When you’re in a boom, it’s always hard to see if a down quarter is a welcome correction or the beginning of a slump. For venture capital, Q3 could be either. Based on data from Pitchbook, the number of Q3 financing were down significantly: 22% from the second quarter and 34% from the same period last year. However the dollar amounts rose: the $14.1 billion invested in Q3 is up 13% from Q2 and a whopping 81% from the same quarter in 2015.

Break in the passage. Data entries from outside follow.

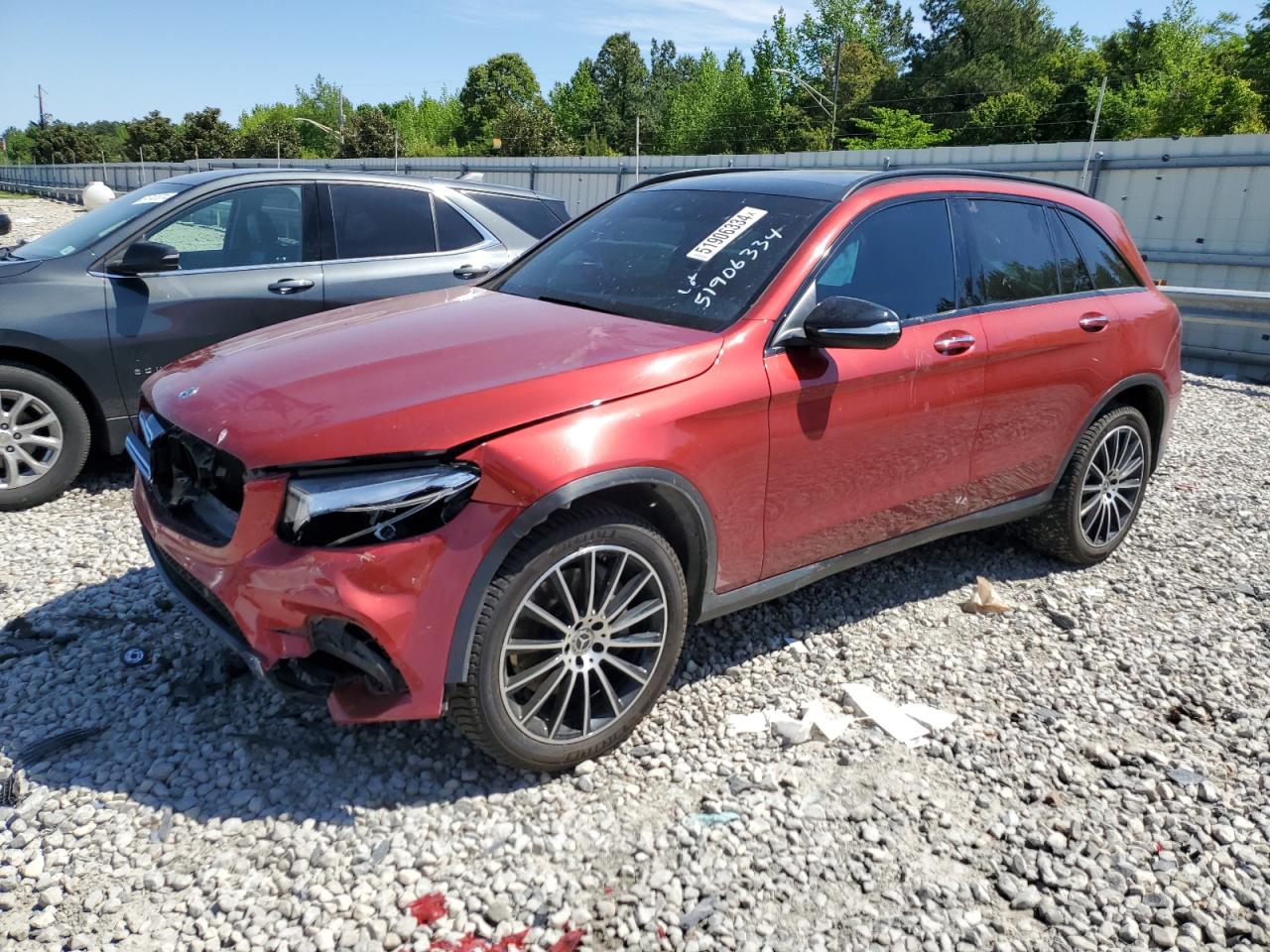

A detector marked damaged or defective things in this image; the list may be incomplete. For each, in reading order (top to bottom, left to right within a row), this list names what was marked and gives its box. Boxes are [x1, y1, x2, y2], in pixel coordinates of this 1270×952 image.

crumpled front bumper [135, 472, 520, 726]
broken headlight [276, 462, 476, 547]
damaged red suv [129, 168, 1183, 770] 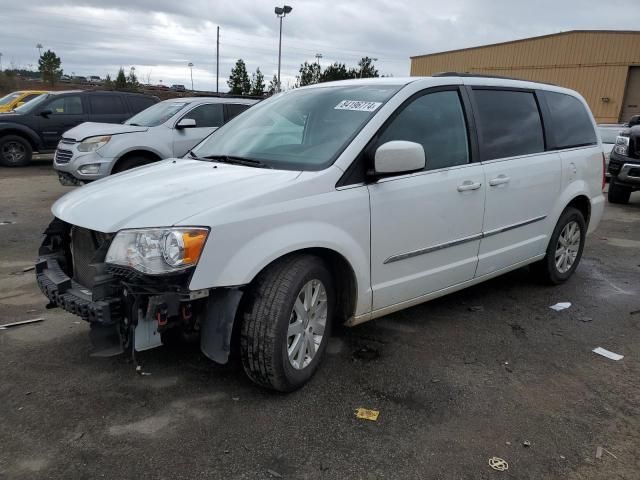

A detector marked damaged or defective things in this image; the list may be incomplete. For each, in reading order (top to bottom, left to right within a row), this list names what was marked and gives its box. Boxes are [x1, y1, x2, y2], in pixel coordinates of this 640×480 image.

damaged front end [36, 217, 244, 360] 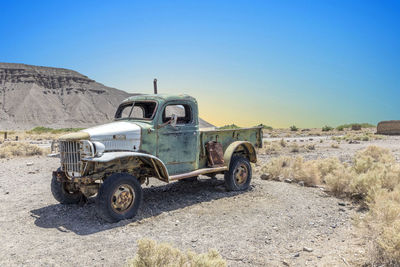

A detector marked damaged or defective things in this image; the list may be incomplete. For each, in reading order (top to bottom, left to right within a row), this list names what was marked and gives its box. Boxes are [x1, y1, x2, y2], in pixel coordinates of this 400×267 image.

abandoned pickup truck [52, 94, 262, 222]
rusty vehicle [51, 94, 264, 222] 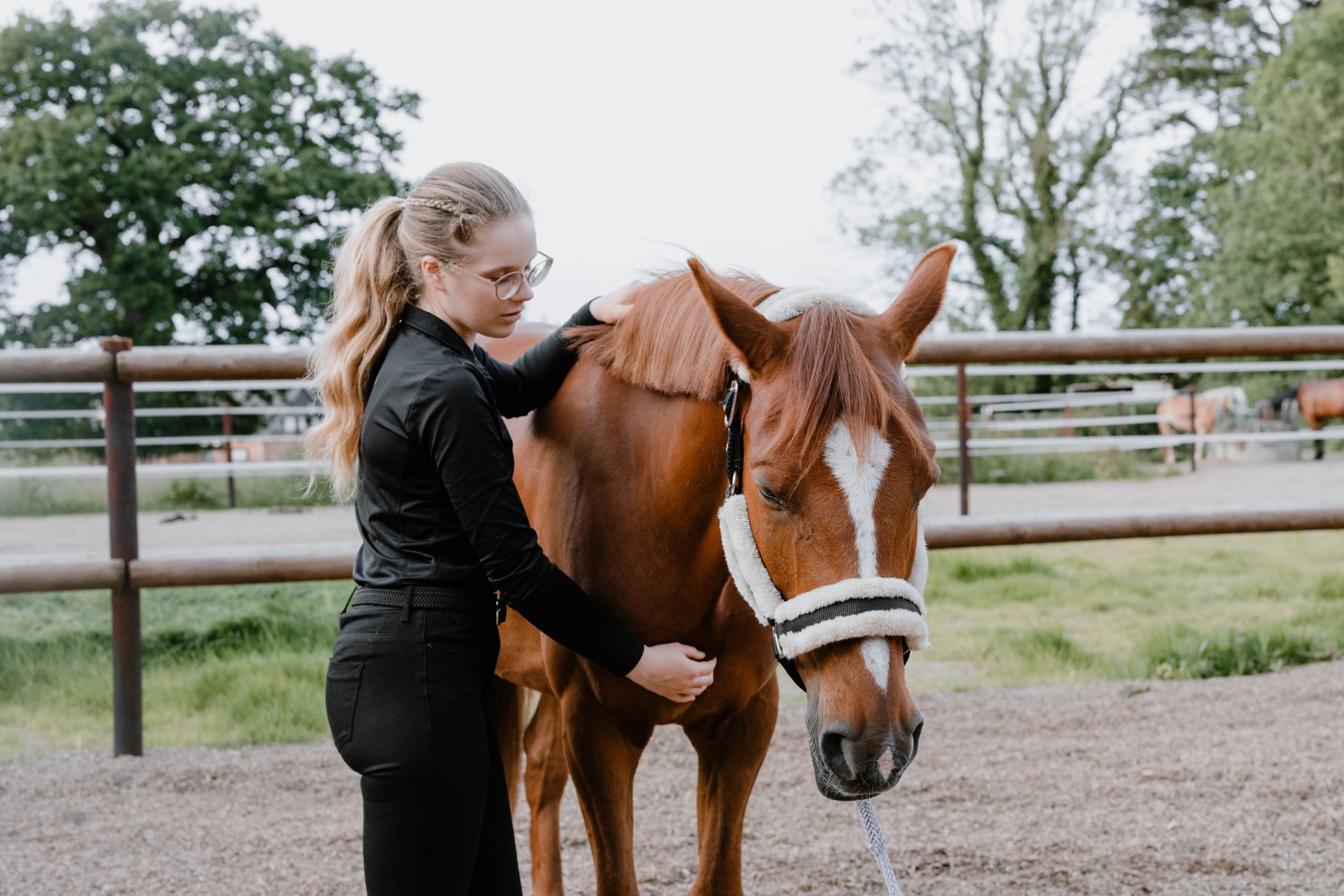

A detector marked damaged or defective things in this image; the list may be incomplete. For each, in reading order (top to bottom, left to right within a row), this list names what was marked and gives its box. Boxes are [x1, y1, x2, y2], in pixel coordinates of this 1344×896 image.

rusty fence post [223, 401, 236, 506]
rusty fence post [958, 363, 966, 516]
rusty fence post [1193, 380, 1201, 472]
rusty fence post [101, 338, 142, 760] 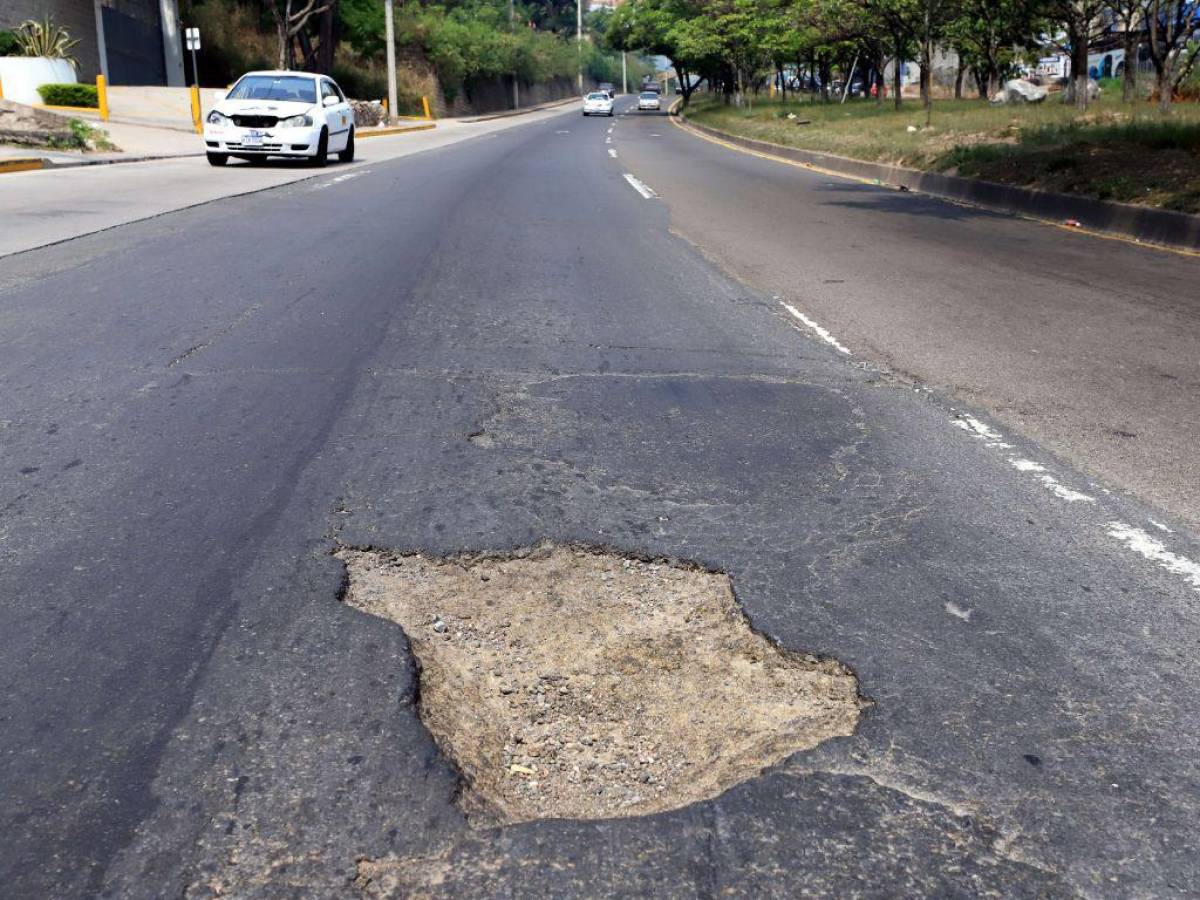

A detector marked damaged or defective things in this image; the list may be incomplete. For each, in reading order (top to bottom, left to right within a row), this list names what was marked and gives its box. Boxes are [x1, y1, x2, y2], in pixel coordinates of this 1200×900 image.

pothole [338, 542, 864, 825]
gravel in pothole [338, 540, 864, 830] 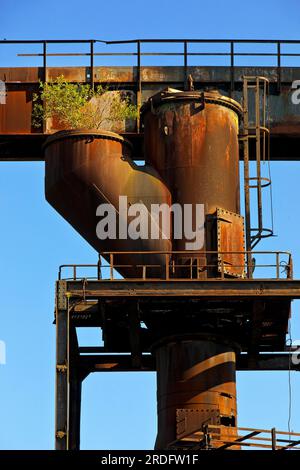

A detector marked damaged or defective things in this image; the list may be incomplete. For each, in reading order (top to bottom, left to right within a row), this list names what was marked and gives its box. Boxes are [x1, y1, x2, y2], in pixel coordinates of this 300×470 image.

corroded metal cylinder [43, 129, 172, 278]
rusty industrial tank [43, 129, 172, 280]
rusty industrial tank [141, 89, 244, 278]
oxidized steel column [154, 336, 238, 450]
corroded metal cylinder [154, 338, 238, 448] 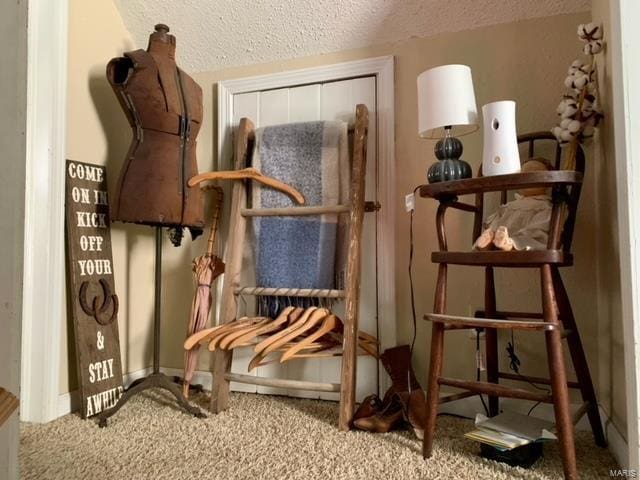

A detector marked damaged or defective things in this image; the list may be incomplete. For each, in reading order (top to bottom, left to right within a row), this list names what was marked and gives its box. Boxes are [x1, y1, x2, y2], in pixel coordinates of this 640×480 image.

rusty metal hardware on dress form [106, 23, 204, 244] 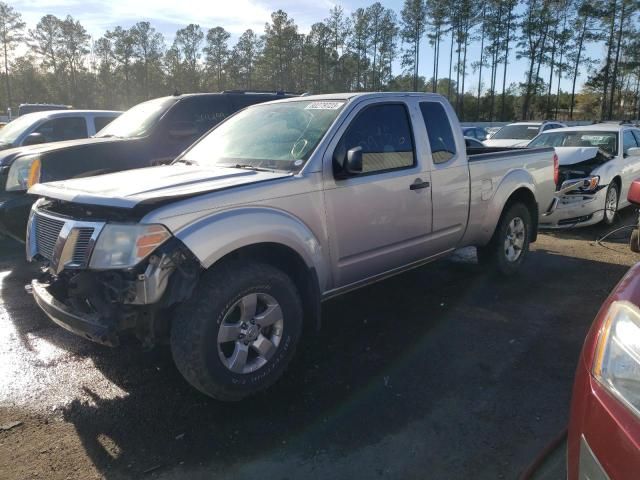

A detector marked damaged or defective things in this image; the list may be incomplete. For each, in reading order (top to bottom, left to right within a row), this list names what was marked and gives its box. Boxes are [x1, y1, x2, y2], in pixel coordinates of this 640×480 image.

crumpled hood [556, 147, 604, 166]
crumpled hood [28, 164, 292, 207]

The difference here is that early-stage financings are at their lowest point in five years, while late-stage deals have risen. But the late-stage surge likely to create significant compression as these firms run smack into the stagnant IPO market for venture-backed companies, which have hit a five year low. Venture-backed IPOs totaled just $9.2 billion (compared to the $15.5 billion a year before). And while M&A exits have held their own, there is some new uncertainly about the future.
Even VCs think the party may have gone on too long. Note the shift in tone from the effervescent Mark Suster, who in May of 2012 proclaimed that it was Morning in Venture Capital but this past September his sentiments had changed all the way to Why I Fu**ing Hate Unicorns and the Culture They Breed. What happened to the bright and cherry venture morning? Suster puts it this way:
Somebody posted too many party fliers. The uninvited crowds have all turned up. The people here don’t respect your parents’ furniture, are throwing beer cans in your back yard and there’s a dude passed out face down in your sister’s bedroom.
And like party-goers everywhere, when it comes time to clean up, you probably want to be somewhere else.